In the next code block, the metadata CSV file is read into a DataFrame, and a dictionary (`patient_dict`) is populated. Each patient is associated with their unique identifier (`patient_id`) and has corresponding CT and RTSTRUCT file paths. This structure facilitates efficient data organization and access for further processing.

In [None]:
# fill the patient dict variable
patient_dict = {}

# Method 2: Using itertuples() (More efficient than iterrows())
for row in metadata_df.itertuples():
    patient_id = getattr(row, '_5') # unique Name
    file_type = getattr(row, 'Modality') # check if RTSTRUCT or CT
    file_location = getattr(row, '_16') # Path to the images
    if patient_id in patient_dict.keys() :
        patient_dict[patient_id][file_type] = file_location
    else:
        patient_dict[patient_id] = {}
        patient_dict[patient_id][file_type] = file_location

### Function `preprocess_case`

The `preprocess_case` function is a utility from the `lctsc_preprocessor.utils` module. It is used to process individual patient cases by taking the CT and RTSTRUCT file paths as inputs. This function performs the following tasks:

1. **Data Preprocessing**: It processes the CT images and associated RTSTRUCT files to extract relevant information.
2. **Numpy Array Generation**: Converts the processed data into numpy arrays, which are essential for training machine learning models, particularly neural networks.
3. **Visualization (Optional)**: If the `plot` flag is set to `True`, it generates visualizations of the processed data for verification and debugging purposes.

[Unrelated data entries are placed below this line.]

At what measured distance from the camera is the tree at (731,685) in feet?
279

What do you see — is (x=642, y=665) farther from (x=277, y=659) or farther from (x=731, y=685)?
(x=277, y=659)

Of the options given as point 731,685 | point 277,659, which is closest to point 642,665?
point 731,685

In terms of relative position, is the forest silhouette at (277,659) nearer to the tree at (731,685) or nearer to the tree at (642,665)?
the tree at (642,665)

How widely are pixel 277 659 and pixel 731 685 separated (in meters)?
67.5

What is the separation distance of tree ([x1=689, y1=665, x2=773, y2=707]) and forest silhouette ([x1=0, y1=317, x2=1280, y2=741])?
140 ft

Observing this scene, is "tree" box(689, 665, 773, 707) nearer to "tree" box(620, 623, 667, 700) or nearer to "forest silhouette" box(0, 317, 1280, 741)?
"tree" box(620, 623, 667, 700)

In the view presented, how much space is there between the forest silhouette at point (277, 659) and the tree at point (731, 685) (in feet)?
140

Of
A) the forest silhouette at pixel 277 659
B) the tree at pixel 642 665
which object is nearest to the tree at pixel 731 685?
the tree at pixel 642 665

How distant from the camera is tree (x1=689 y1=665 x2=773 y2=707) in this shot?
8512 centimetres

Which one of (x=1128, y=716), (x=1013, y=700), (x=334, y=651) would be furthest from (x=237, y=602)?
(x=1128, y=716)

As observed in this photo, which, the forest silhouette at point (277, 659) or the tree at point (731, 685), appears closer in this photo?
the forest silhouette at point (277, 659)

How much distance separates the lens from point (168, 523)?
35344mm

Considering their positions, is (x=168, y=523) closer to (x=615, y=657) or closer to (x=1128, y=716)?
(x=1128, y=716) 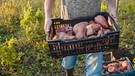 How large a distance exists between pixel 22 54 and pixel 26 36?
614 millimetres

In the next block, we iterate through the `patient_dict` dictionary, which contains patient-specific data, and use the `preprocess_case` function to generate the numpy arrays required for training the neural network.

In [None]:
for k,v in patient_dict.items():
    print(Path(raw_data_path).joinpath(v["CT"]))
    preprocess_case(
        case_id = k,
        ct_path = Path(raw_data_path).joinpath(v["CT"]),
        rtstruct_path = Path(raw_data_path).joinpath(v["RTSTRUCT"]).joinpath('1-1.dcm'),
        plot=plot
    )

### Student Exercises

In this section, you will perform tasks to deepen your understanding of the data preprocessing pipeline and prepare the data for training a neural network. Follow the steps below and answer the questions:

1. **Create a New Notebook**:
    - Write a new Jupyter Notebook that reads the numpy files generated in the previous steps.
    - Explore the contents of the numpy files and document your findings.

2. **Analyze the Data**:
    - Determine the shape of the pixels in mm³. Is there metadata or information in the numpy files that provides this detail?
    - Check if all the images have the same shape. If not, document the differences and consider how this might impact training.

3. **Implement a Keras Sequence Class**:
    - Write a custom `keras.utils.Sequence` class capable of reading the numpy files.
    - The class should output:
      - The input image.
      - The label mask of the lung.
    - Bonus: Extend the implementation to support multi-class segmentation for those interested in advanced tasks.

4. **Document Your Workflow**:
    - For each step, write a brief explanation of what you did and why.
    - Include any challenges you faced and how you resolved them.

These exercises will help you understand the data preparation process and set the foundation for training a robust neural network.